### DATASET EXTRACT

____________________

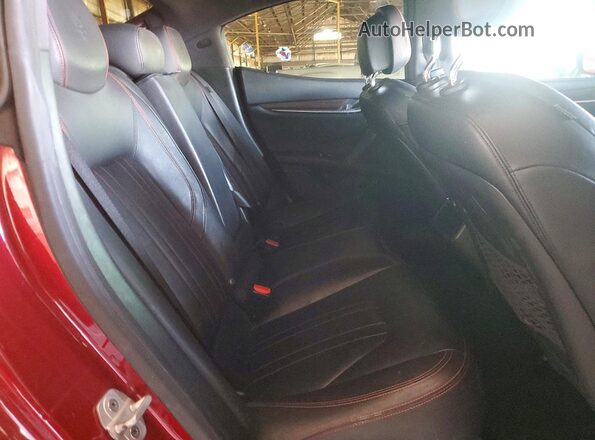ZAM57RSA3H1217216 2017 MASERATI GHIBLI Maroon Rear seats view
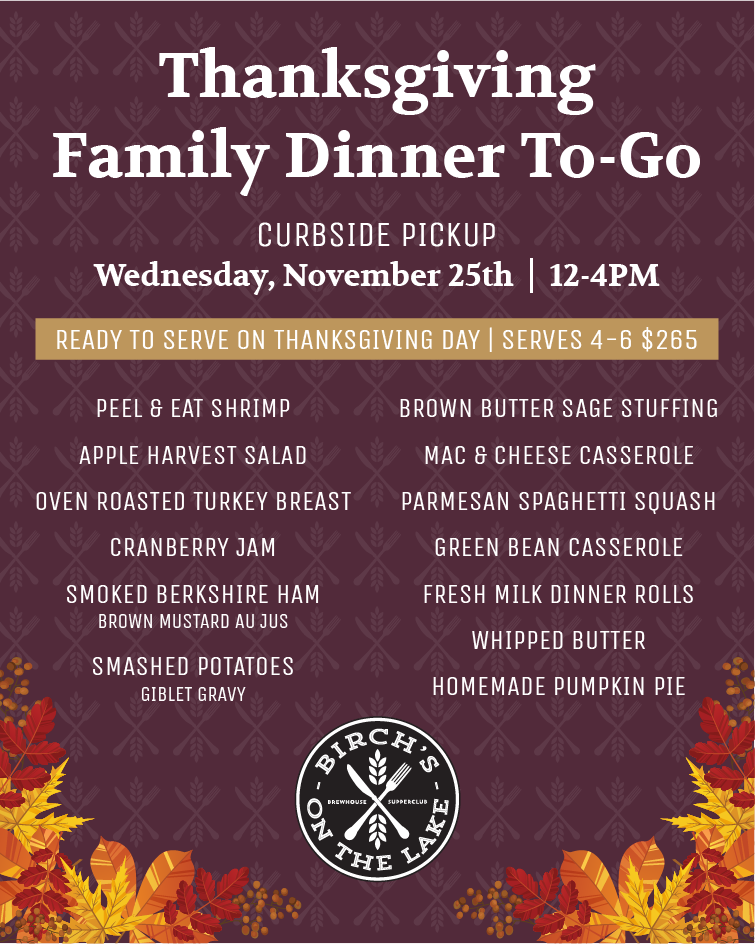 Thanksgiving Family Dinner To-Go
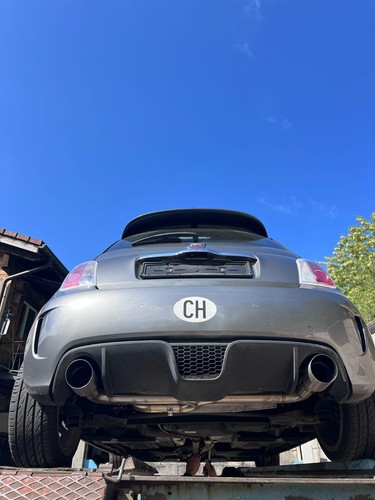 Scarico inox 500 - inox, abarth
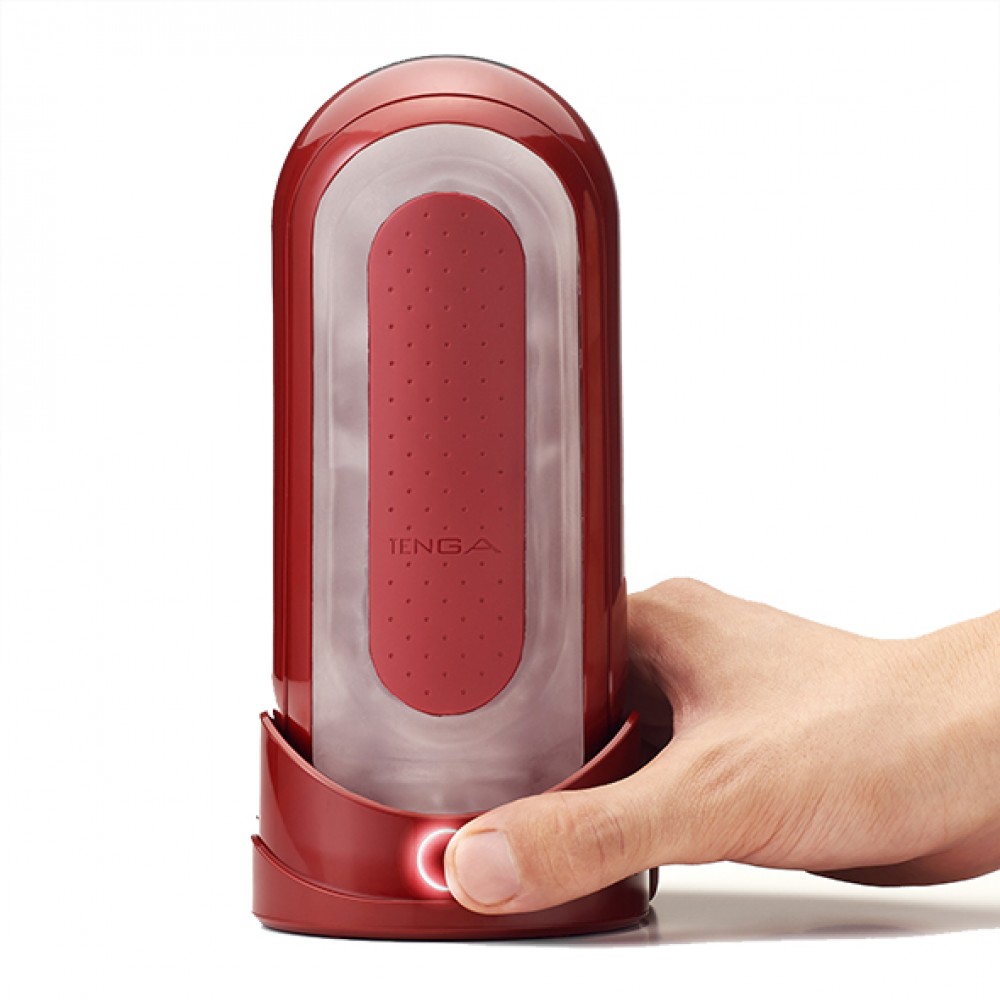Эксклюзивный набор Мастурбатор с нагревом FLIP 0(ZERO) RED & WARMER SET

____________________

### TASK BRIEF
Now repeat exactly the lines from the one with "Thanksgiving Family Dinner To-Go" through the end of the listing above, both included, omitting all pictures.

### TASK RESPONSE
 Thanksgiving Family Dinner To-Go
 Scarico inox 500 - inox, abarth
Эксклюзивный набор Мастурбатор с нагревом FLIP 0(ZERO) RED & WARMER SET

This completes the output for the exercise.